"In Retrospect: Remembrances of Things Past" is an intimate self-portrait of the life and times of F.F. Bruce, one of the evangelical world’s most beloved and influential biblical scholars.
Bruce was significant because in a time when the academic community looked down upon Evangelicals, he demonstrated that worthwhile academic work could be done by an Evangelical. At the same time, he persuaded Evangelicals that they should not turn their backs on academic methods of Bible study, even if the results might differ from traditional evangelical views.
F.F. Bruce’s accomplishments were astounding. He was head of the Department of Biblical History and Literature at the University of Sheffield and Rylands Professor of Biblical Criticism and Exegesis at the University of Manchester. He was president of societies for both the study of the Old Testament and the study of the New Testament.
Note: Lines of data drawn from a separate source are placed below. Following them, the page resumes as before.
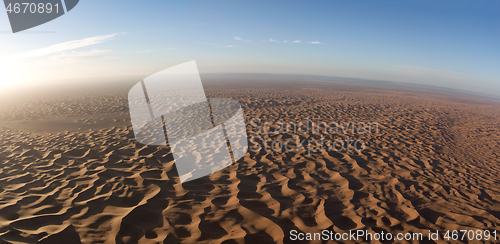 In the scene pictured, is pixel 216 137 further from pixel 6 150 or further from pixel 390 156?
pixel 6 150

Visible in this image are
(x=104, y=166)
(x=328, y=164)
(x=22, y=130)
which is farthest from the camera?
(x=22, y=130)

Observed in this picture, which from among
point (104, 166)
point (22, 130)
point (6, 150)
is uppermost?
point (104, 166)

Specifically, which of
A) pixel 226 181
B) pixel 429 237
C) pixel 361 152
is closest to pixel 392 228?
pixel 429 237

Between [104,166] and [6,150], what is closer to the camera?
[104,166]

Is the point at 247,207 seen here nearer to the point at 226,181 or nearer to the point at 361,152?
the point at 226,181

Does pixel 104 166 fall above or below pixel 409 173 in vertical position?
below

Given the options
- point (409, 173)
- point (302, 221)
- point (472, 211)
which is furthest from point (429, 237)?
point (409, 173)

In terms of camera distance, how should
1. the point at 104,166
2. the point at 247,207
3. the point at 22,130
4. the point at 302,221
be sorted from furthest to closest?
1. the point at 22,130
2. the point at 104,166
3. the point at 247,207
4. the point at 302,221
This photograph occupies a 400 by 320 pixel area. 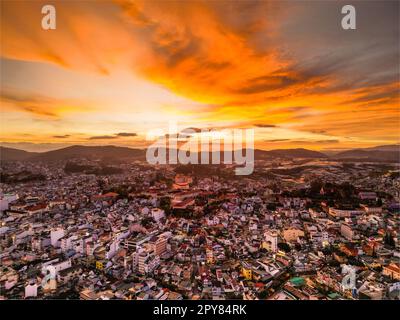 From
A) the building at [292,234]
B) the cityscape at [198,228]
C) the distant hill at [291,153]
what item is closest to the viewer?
the cityscape at [198,228]

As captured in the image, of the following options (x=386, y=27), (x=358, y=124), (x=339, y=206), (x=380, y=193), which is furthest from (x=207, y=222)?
(x=386, y=27)

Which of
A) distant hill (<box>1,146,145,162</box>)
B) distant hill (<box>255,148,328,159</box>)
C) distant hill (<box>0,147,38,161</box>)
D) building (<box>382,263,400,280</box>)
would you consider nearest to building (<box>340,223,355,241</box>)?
building (<box>382,263,400,280</box>)

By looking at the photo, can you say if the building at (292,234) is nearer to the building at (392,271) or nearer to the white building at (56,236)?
the building at (392,271)

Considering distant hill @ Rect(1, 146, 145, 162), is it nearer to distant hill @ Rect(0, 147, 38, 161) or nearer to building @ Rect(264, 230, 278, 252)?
distant hill @ Rect(0, 147, 38, 161)

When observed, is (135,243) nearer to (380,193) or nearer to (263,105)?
(263,105)

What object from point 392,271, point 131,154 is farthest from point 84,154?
point 392,271

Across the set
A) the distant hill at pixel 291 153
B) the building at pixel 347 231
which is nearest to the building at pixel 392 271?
the building at pixel 347 231

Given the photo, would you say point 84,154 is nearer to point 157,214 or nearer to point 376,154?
point 157,214

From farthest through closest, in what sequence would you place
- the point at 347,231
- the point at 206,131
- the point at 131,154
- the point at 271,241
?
the point at 131,154
the point at 206,131
the point at 347,231
the point at 271,241
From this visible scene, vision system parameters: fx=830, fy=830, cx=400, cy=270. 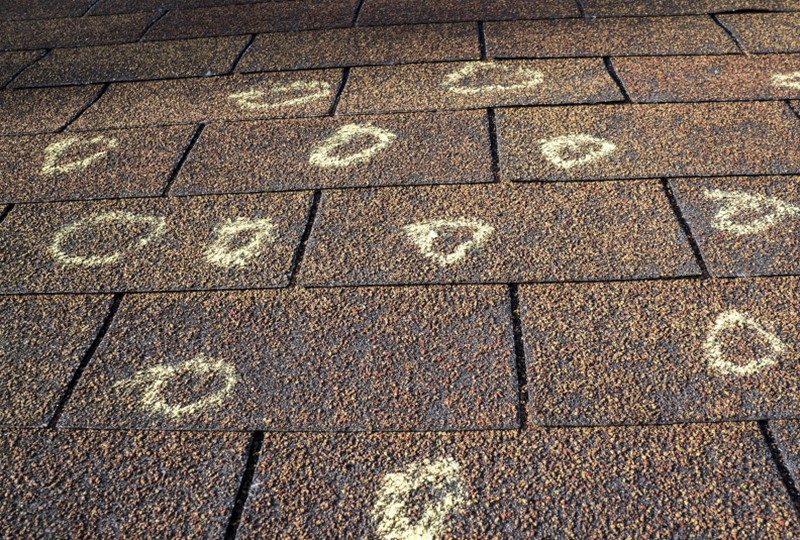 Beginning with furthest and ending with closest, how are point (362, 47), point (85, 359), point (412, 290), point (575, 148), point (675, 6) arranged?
point (675, 6) < point (362, 47) < point (575, 148) < point (412, 290) < point (85, 359)

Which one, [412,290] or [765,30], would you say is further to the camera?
[765,30]

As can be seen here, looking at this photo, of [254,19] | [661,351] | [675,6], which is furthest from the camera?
[254,19]

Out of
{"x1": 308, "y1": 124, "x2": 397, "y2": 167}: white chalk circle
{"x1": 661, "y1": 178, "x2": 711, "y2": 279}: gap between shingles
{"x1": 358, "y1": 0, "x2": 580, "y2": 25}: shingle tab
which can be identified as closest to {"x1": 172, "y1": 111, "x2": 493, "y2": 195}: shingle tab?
{"x1": 308, "y1": 124, "x2": 397, "y2": 167}: white chalk circle

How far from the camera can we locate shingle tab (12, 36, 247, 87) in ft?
13.6

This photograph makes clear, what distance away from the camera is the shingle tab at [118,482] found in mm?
1863

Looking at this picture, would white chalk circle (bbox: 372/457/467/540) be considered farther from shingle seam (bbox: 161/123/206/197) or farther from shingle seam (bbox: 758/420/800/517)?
shingle seam (bbox: 161/123/206/197)

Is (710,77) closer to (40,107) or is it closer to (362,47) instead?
(362,47)

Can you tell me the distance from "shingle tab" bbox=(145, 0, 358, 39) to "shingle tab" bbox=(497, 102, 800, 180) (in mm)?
1634

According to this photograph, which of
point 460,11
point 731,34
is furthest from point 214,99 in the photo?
point 731,34

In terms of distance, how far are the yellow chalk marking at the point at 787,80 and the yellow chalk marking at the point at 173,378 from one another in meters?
2.69

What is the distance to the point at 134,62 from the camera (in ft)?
14.1

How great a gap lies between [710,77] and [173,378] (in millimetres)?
2699

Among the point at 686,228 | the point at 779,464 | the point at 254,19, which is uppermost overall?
the point at 254,19

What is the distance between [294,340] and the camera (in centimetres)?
234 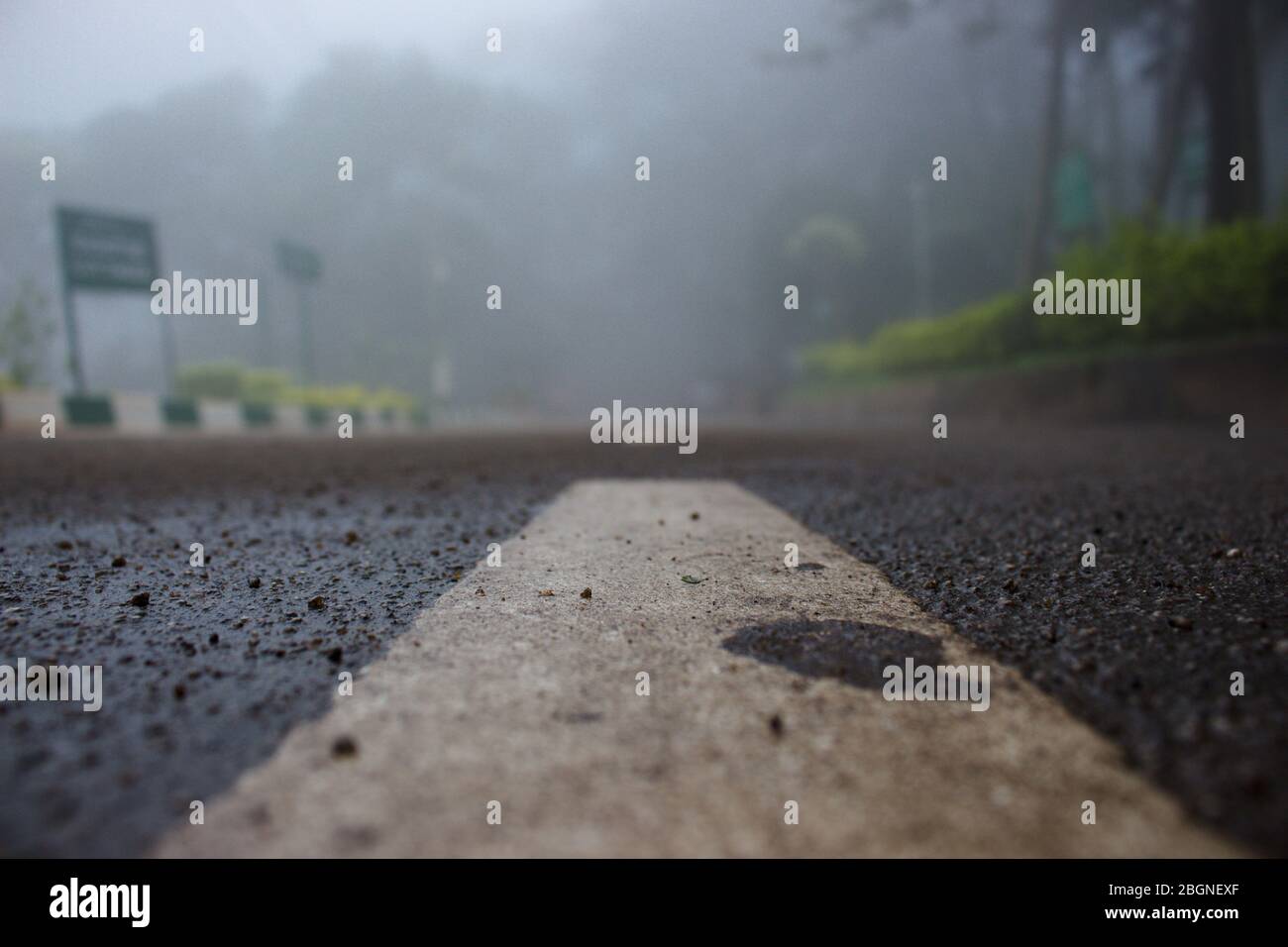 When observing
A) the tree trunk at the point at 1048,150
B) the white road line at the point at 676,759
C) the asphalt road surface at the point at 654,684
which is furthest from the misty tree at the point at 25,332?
the tree trunk at the point at 1048,150

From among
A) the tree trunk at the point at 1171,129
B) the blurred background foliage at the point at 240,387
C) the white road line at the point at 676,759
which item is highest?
the tree trunk at the point at 1171,129

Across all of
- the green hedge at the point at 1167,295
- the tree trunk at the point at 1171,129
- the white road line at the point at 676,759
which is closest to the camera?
the white road line at the point at 676,759

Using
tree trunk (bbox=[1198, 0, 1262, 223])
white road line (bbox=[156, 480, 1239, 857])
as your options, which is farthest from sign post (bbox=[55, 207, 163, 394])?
tree trunk (bbox=[1198, 0, 1262, 223])

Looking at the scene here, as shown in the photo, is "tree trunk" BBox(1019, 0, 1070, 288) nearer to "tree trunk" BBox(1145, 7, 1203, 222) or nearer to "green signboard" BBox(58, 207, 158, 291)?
"tree trunk" BBox(1145, 7, 1203, 222)

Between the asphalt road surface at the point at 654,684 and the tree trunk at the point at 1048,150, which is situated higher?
the tree trunk at the point at 1048,150

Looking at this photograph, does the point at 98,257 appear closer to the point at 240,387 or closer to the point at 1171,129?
the point at 240,387

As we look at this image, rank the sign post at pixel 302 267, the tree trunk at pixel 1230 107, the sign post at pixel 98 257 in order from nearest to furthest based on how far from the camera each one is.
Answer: the tree trunk at pixel 1230 107 < the sign post at pixel 98 257 < the sign post at pixel 302 267

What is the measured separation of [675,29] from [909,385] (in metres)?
76.7

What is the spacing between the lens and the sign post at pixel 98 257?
16672 mm

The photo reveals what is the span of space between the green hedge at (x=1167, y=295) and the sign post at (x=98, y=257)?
18.2 metres

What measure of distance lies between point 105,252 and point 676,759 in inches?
821

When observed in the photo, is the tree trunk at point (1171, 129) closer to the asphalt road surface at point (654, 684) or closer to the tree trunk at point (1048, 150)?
the tree trunk at point (1048, 150)

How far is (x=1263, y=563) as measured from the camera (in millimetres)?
2439

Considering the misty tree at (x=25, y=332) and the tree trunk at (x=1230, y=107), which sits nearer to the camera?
the tree trunk at (x=1230, y=107) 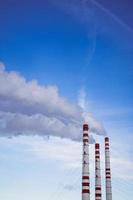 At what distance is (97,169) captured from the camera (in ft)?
Result: 156

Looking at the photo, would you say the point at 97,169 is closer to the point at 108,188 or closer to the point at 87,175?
the point at 108,188

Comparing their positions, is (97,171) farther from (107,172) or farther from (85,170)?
(85,170)

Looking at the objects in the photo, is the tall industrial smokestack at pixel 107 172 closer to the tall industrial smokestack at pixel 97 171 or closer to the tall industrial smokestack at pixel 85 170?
the tall industrial smokestack at pixel 97 171

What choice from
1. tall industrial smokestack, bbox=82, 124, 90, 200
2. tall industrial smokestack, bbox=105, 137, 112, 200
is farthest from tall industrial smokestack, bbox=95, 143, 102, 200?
tall industrial smokestack, bbox=82, 124, 90, 200

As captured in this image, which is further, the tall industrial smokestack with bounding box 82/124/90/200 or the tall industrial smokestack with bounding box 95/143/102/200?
the tall industrial smokestack with bounding box 95/143/102/200

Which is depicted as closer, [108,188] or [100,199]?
[100,199]

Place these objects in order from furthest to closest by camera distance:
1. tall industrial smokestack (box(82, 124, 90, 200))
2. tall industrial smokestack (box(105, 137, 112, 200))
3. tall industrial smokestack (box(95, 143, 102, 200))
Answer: tall industrial smokestack (box(105, 137, 112, 200)) < tall industrial smokestack (box(95, 143, 102, 200)) < tall industrial smokestack (box(82, 124, 90, 200))

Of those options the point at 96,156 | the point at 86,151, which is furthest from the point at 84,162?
the point at 96,156

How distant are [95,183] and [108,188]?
2592mm

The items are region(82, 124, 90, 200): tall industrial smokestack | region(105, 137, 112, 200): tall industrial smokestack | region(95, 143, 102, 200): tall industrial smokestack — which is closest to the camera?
region(82, 124, 90, 200): tall industrial smokestack

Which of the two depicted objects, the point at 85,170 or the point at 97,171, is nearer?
the point at 85,170

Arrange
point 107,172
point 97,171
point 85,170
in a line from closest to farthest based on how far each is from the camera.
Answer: point 85,170 < point 97,171 < point 107,172

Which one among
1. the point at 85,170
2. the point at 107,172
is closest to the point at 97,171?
the point at 107,172

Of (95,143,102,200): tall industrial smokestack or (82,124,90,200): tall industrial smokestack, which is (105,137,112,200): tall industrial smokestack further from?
(82,124,90,200): tall industrial smokestack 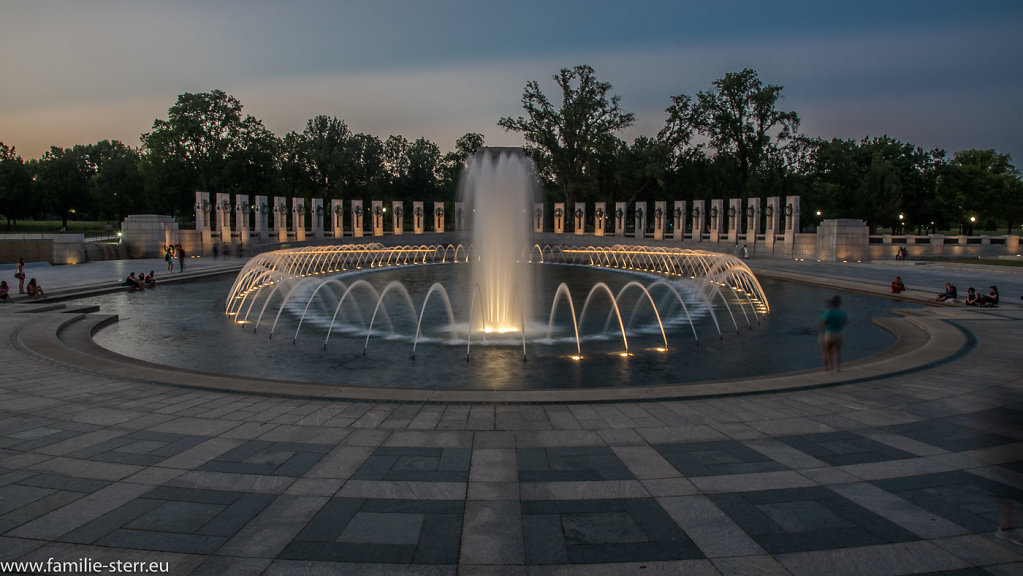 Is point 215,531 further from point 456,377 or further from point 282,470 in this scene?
point 456,377

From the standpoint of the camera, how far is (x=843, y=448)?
22.7ft

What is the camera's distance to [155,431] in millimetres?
7398

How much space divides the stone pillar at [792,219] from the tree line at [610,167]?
1915 cm

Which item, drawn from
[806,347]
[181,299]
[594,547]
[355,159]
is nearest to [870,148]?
[355,159]

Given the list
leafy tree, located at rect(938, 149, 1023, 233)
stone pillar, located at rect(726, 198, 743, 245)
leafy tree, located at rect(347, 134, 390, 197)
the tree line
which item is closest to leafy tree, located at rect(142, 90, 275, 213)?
the tree line

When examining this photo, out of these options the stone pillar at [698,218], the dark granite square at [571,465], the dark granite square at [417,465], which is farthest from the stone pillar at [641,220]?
the dark granite square at [417,465]

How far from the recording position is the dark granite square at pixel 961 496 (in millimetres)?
5172

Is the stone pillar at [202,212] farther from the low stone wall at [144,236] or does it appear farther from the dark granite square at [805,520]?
the dark granite square at [805,520]

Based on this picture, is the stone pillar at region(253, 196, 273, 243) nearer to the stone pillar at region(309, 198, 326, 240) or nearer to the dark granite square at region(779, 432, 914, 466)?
the stone pillar at region(309, 198, 326, 240)

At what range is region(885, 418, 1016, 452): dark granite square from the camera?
7031mm

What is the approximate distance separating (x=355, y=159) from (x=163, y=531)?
8095 centimetres

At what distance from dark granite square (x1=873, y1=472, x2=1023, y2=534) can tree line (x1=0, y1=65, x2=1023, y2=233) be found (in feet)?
222

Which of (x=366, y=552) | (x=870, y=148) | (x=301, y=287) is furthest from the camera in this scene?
(x=870, y=148)

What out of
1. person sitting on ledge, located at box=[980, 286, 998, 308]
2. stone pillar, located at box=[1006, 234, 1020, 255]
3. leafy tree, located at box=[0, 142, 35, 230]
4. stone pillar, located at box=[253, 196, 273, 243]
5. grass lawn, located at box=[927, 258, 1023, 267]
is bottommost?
person sitting on ledge, located at box=[980, 286, 998, 308] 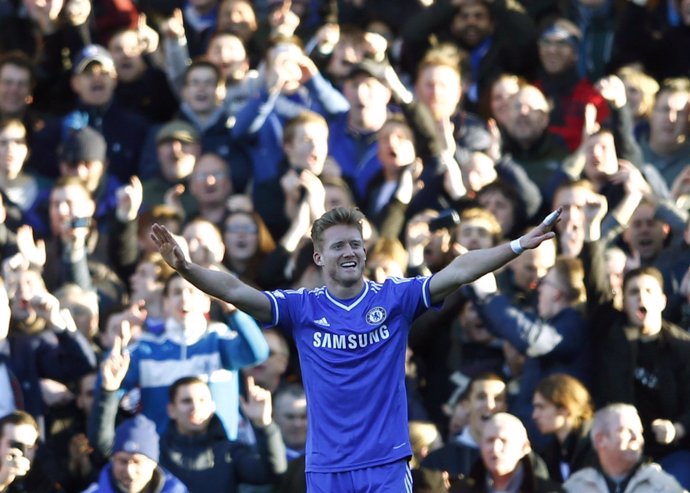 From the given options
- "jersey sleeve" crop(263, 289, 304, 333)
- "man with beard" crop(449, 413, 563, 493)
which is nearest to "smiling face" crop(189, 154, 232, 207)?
"man with beard" crop(449, 413, 563, 493)

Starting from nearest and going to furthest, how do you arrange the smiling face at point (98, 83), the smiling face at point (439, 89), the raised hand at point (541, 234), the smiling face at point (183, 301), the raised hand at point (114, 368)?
the raised hand at point (541, 234)
the raised hand at point (114, 368)
the smiling face at point (183, 301)
the smiling face at point (439, 89)
the smiling face at point (98, 83)

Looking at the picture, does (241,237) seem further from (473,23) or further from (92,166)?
(473,23)

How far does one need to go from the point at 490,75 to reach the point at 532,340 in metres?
4.08

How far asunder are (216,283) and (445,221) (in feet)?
14.7

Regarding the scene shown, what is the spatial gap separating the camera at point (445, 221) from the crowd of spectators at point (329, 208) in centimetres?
3

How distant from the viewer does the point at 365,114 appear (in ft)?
50.1

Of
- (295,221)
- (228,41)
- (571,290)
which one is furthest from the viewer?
(228,41)

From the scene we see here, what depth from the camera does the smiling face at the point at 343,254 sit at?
967 cm

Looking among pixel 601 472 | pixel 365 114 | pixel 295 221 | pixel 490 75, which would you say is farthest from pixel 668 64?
pixel 601 472

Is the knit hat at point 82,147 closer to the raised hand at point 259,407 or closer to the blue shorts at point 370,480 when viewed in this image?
the raised hand at point 259,407

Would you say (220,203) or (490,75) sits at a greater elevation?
(490,75)

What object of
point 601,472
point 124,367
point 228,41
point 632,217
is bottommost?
point 601,472

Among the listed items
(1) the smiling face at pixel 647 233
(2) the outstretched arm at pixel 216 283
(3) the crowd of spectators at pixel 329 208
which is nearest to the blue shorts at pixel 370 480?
(2) the outstretched arm at pixel 216 283

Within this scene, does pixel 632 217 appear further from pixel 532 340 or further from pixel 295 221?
pixel 295 221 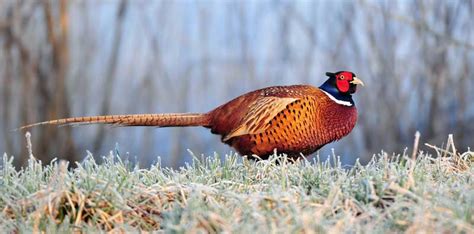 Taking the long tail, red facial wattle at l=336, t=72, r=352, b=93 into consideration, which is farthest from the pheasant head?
the long tail

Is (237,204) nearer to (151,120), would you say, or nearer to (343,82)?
(151,120)

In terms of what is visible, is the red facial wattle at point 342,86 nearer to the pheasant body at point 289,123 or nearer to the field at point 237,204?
the pheasant body at point 289,123

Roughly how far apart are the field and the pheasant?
123 cm

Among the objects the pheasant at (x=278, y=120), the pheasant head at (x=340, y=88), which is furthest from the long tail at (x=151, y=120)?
the pheasant head at (x=340, y=88)

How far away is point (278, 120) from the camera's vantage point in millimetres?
3812

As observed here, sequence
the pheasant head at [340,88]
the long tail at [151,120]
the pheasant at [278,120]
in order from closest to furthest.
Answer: the long tail at [151,120], the pheasant at [278,120], the pheasant head at [340,88]

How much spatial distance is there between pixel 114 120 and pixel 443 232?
2.10 metres

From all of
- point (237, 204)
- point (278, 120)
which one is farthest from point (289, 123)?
point (237, 204)

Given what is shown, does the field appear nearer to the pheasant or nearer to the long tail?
the long tail

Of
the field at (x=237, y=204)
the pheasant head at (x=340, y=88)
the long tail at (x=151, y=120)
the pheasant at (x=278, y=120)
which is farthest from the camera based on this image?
the pheasant head at (x=340, y=88)

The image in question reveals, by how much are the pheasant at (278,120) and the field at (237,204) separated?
1.23m

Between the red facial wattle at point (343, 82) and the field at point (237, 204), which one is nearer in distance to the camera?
the field at point (237, 204)

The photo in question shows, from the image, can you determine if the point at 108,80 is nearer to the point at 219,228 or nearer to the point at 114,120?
the point at 114,120

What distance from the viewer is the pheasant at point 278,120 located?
150 inches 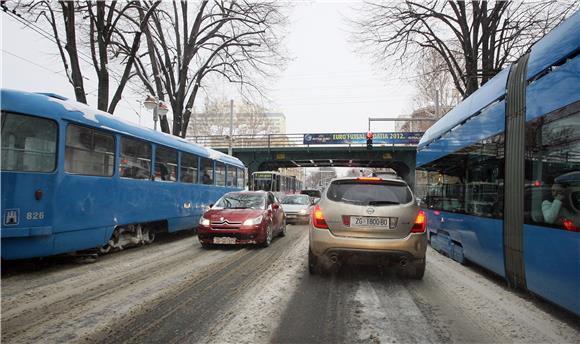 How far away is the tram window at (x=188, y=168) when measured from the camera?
37.7ft

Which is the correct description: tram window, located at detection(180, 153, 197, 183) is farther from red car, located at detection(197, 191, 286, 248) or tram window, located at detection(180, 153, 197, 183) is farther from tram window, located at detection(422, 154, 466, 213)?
tram window, located at detection(422, 154, 466, 213)

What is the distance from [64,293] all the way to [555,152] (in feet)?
20.3

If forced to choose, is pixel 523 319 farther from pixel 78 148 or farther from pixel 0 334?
pixel 78 148

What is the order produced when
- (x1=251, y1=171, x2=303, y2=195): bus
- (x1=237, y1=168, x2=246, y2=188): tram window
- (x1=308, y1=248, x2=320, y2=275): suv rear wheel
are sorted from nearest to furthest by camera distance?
(x1=308, y1=248, x2=320, y2=275): suv rear wheel → (x1=237, y1=168, x2=246, y2=188): tram window → (x1=251, y1=171, x2=303, y2=195): bus

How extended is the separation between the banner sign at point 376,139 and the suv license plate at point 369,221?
92.7 feet

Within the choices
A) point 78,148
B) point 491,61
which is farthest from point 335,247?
point 491,61

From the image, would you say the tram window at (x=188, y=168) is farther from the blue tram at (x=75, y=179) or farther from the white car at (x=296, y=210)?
the white car at (x=296, y=210)

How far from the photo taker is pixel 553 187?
400 centimetres

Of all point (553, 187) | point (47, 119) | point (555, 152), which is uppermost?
point (47, 119)

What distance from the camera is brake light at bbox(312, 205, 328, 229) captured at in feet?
18.8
Professor Bruce authored more than fifty books and nearly 2,000 articles and reviews. "Christianity Today" named his "New Testament Documents: Are They Reliable?" one of the top 50 books that had shaped evangelicals. His commentaries on the Acts of the Apostles and Hebrews are considered to be classics. He was editor of "The Evangelical Quarterly" and the "Palestine Exploration Quarterly."
"In Retrospect" paints a memorable picture of F.F. Bruce’s childhood in northern Scotland, his academic training at Aberdeen, Cambridge, and Vienna, and his career. His amazing memory is demonstrated in the book’s details; his delightful sense of humor in its stories of friends, and acquaintances; his equanimity in its accounts of academia and evangelicalism; and his spiritual heritage as one of the Brethren, a network of local assemblies. His modesty and reserve also come through in that he tells less than many readers would like to know about his own spiritual experience and his family life.
F.F. Bruce was a blessed man with a satisfied mind.